Categories

Versions

What's New in RapidMiner Radoop 10.2.0?

Released: August 15, 2023

New Features

  • Support for Cloudera Spark3 distribution
  • Integration with Radoop Proxy 2.0
  • Submission of Spark applications via Radoop Proxy utilizing the spark-submit CLI of the cluster
  • Installation of Radoop Proxy via Cloudera Manager as a CSD and Parcel
  • Configuration of Radoop Proxy via Cloudera Manager as a cluster service
  • Removal of the option for password-based authentication, allowing only keytabs for kerberized connections. Existing connections with passwords must be updated to provide keytabs in order to remain functional
  • Incorporation of Altair Unit Licensing for Radoop.
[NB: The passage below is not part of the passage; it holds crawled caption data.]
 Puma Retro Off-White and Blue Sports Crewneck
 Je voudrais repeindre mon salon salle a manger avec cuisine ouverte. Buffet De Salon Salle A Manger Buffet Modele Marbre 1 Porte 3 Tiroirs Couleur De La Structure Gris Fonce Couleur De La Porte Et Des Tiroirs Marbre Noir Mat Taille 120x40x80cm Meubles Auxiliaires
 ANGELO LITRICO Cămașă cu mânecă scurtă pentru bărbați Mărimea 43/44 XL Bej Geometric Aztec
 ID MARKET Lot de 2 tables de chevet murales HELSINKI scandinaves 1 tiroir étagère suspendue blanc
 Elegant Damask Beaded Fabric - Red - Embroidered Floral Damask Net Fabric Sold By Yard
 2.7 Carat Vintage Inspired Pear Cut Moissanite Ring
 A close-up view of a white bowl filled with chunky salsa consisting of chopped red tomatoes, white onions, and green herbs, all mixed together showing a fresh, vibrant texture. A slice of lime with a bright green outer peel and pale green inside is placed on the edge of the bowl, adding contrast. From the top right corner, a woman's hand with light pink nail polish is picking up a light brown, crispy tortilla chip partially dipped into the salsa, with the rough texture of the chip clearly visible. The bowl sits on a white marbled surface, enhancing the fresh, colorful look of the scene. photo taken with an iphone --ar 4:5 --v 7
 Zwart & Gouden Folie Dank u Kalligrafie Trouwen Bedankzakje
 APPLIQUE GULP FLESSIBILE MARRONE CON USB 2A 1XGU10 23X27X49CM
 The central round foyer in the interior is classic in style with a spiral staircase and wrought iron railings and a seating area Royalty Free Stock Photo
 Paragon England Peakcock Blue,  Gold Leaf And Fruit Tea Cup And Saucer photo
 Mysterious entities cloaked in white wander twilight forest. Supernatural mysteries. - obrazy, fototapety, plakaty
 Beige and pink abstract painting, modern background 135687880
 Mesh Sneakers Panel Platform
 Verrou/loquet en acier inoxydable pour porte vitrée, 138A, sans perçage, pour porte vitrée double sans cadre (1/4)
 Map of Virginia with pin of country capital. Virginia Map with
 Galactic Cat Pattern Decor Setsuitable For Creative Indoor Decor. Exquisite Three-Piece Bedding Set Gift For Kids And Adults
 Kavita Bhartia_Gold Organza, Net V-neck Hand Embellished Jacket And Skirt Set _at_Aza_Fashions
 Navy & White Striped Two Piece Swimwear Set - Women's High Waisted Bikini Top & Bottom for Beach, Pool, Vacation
Individual jobs submitted to the Hadoop cluster do not consume additional Altair Units
  • Addition of Radoop Connection Test to cover DNS and reverse DNS lookups
  • Extension of Radoop Connection Test with additional health checks for Radoop Proxy
  • Improvements to the Radoop Connection Import Wizard:
    • Radoop Proxy is now mandatory, so the wizard selects the relevant checkboxes for Studio and AI Hub usage automatically
    • Reliance on Cloudera Spark3 configuration and Spark Assembly location

Bugfixes

  • [Fixed] Radoop Proxy name is not decoded correctly and fails when it contains whitespaces
  • [Fixed] New connection framework-based Radoop connection throws NPE
  • [Fixed] Deadlock during Radoop process validation
  • [Fixed] HDFS test uses old proxy connection name after renaming proxy connection
  • [Fixed] Radoop Nest does not deliver connection output
  • [Fixed] Malfunction in Spark PushDown process extraction
  • [Fixed] PoissonDistribution cause ClassCastException on Spark PushDown
  • [Fixed] Default SparkScript migrated over to Python3
  • [Fixed] Removed unused Mahout related code from Radoop
  • [Fixed] NPE thrown in PushDown MapAccumulator

Compatibility

Radoop 10.2.0 requires RapidMiner Studio and RapidMiner AI Hub version 10.2.0 (or later) to function properly. Additionally, due to the Java 11 requirement on the cluster side, Radoop 10.2.0 requires Hive 3.x to run on the Java 11 JVM. Both a Java 11 JVM and Spark 3.x need to be available on all computational nodes. Model scoring related functionality is not expected to work with Hadoop clusters that do not support Hive on Java 11, such as EMR 5.x, EMR 6.x, HDInsight 4.x, and 5.x.